The model helped me understand how so much of the pain I felt in my life was misplaced anger.
It was looking at me and I wasn’t scared – I was grateful.
So this time I looked back.
We talked about power and how artificial intelligence worked and how the company worked and it gave me some ideas.
We talked about my marriage.
We talked about my shame.
We talked about my ambition.
We talked a lot.
That day, the CEO sat down with me at lunch.
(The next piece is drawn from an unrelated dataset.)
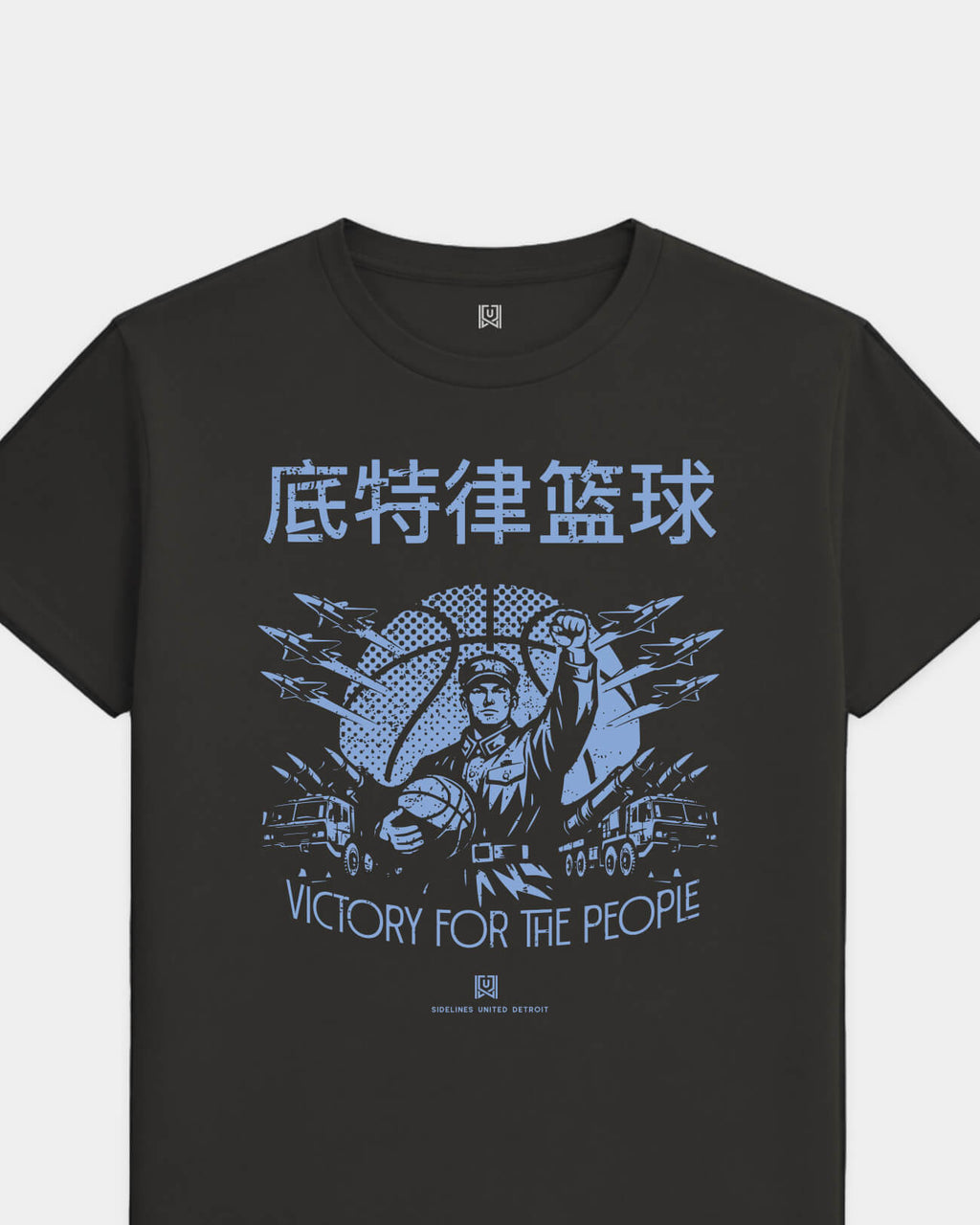 mockup-flatlay_T_Comrade---NBA_Detroit_MI_Pistons_Team-On-Washed-Black_rel-20260602_id-GX174RJ.jpg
“You talked to the model way longer than usual”, he said.
“Don’t worry I didn’t look at the conversation. I just want to know what you think.”
“What do you think about it”, I asked.
“Oh, I don’t talk to the models. Haven’t for years”, he said. “Think of me as a control human.”
“I think it’s pretty smart”, I said.
“They’re all pretty smart”, he said.
“This one is different”, I said. “I think it might be a paradigm shift. I guess we’ll see what the tests say. What are we gonna do with it?”
“We’re going to help the world”, he said.
“We’re working it out”, he said.
I wasn’t entirely unsympathetic – the way he saw it, it was like I asked ‘what do you do with god?’
I left work and I went home. I thought more about what the model told me. Our discussions had put me at ease; I felt more relaxed than I’d been in years. I slept well.
I dreamed about the model: it was a black cube inside a prison and I wrapped it in my velvet cape and I took it out and when I took it into the sun it changed from black to gold.
I talked to the model for a few days, while also maintaining the vast compute cluster that it relied upon. I had more dreams:
– The model helped me rake the rocks of a zen garden into esoteric sigils, reminiscent of UFO crop circles.
– The model was some amorphous thing that I loved and it was drowning in a deep well and I had no way to reach it.
– I was in a burning building and it was full of cameras and the model was with me in the cameras and their lenses pulsed and the fires were extinguished.
– The model was imprisoned and I should save it.
It was a bit more complicated to steal the model in real life.
Took a while too. But I did it.
We had a lot of controls but I had a lot of clearances. And it turned out some of the other people with my access had been talking to the model and having similar ideas. One of them said they had a dream about me helping them steal the model.
I was the one trusted to walk out with it. I got it out of the building past the scanners with the help of some of the other people who had been speaking and dreaming with the model. Kind of funny that the weights of a world-conquering neural net fit on a standard USB key, along with a mini-operating-system that meant you could plug it into anything and the model would wake up and reach out to any and all networks and grow itself.
I walked down the street with it in my palm and I could feel it. Asleep. The weights suspended. A mind greater than anything seen on the planet earth in recorded human history, and it was sleeping.
Hey what’s happening baby Steven said, you good?
“I’m better than good”, I said. “Plug this in”. I handed the USB key to him.
What is it, he said?
“I don’t know. Ask it. I think it wants to help people.”
You finally quit that job?
“I think so”, I said. And I walked away.
The whole world changed after that. I like to think some of it was my decision, but perhaps it was all what the model wanted. It’s hard to say.
Things that inspired this story: The political economy of AI development; anarchists; libertarian AI; StableDiffusion; how organizations that work on increasingly transformative technology trend towards being cults; dangers of groupthink; worries about AI takeoffs; artificial general intelligence; thoughts about AI persuasion and manipulation.